Space : se comprendre entre générations, c’est possible

Le Space de Rennes a accueilli plus de 100 000 visiteurs professionnels du 17 au 19 septembre dernier. L’une des thématiques majeures était le renouvellement des générations d’éleveurs, et, dans ce cadre, une table-ronde s’est tenue sur le thème « Se comprendre entre générations et travailler ensemble ».

Le Space de Rennes a fermé ses portes la semaine dernière après avoir accueilli plus de 100 000 visiteurs, 1200 exposants, mais… pas de ministre, ni de l’agriculture ou ni de ministre tout court, une première depuis 30 ans. Malgré cette vacance, ce
salon professionnel a tenu toutes ses promesses, avec ses animaux de prestige, ses innovations technologiques, ses stands très animés surtout à l’heure de l’apéro et ses nombreuses délégations internationales.
Au-delà de la technique et des échanges commerciaux, le Space s’intéresse aussi de plus en plus au « facteur humain », puisque c’est ce dernier qui va conditionner l’avenir de l’élevage français. C’est pourquoi cette 38 e édition du Space a beaucoup misé sur la jeunesse, notamment avec son « Espace pour demain », l’un des espaces phare du salon.

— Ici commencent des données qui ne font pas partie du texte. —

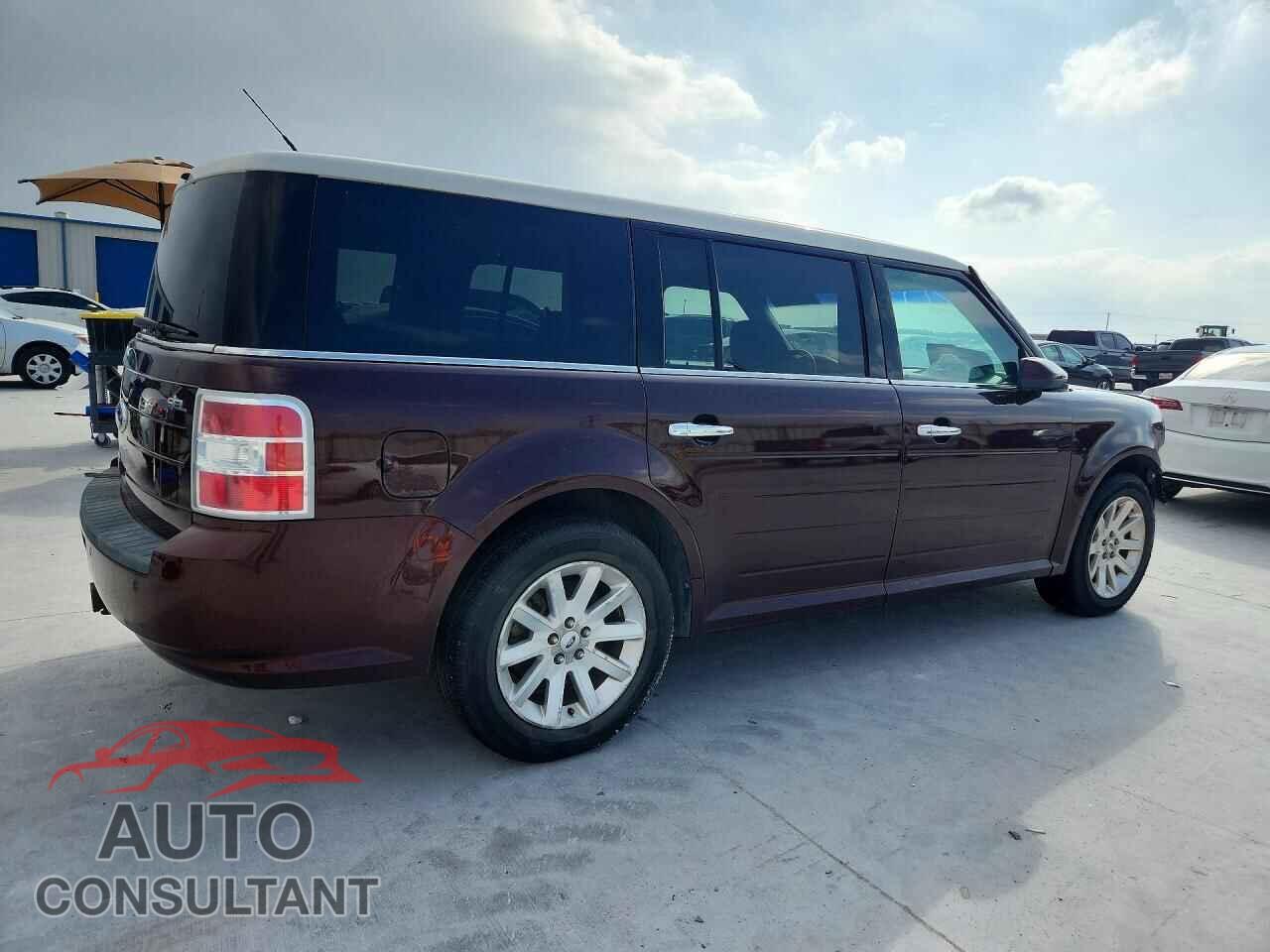 FORD FLEX 2010 - 2FMGK5CC6ABA91220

La Gén Z veut un métier qui a du sens : ça tombe bien pour l’agriculture !

Au sein de cet espace, une table-ronde était organisée, le mardi 17 septembre, sur la thématique « Se comprendre entre générations et travailler ensemble ». Ce n’est pas un secret, la génération qui va arriver en agriculture, dite génération Z (les personnes nées entre 1995 et 2010), est assez différente des précédentes, en particulier sur son rapport au travail. Pour mieux connaître et comprendre ce rapport au travail, l’Anefa (Association nationale pour l’emploi et la formation en agriculture) du Finistère a réalisé récemment une grande enquête auprès de 840 jeunes en formation agricole. « Ce qu’ils demandent en premier lieu, c’est d’exercer un métier qui a du sens et à ce titre, les métiers agricoles sont particulièrement bien placés », relate Louise Maurice, animatrice à l’Anefa.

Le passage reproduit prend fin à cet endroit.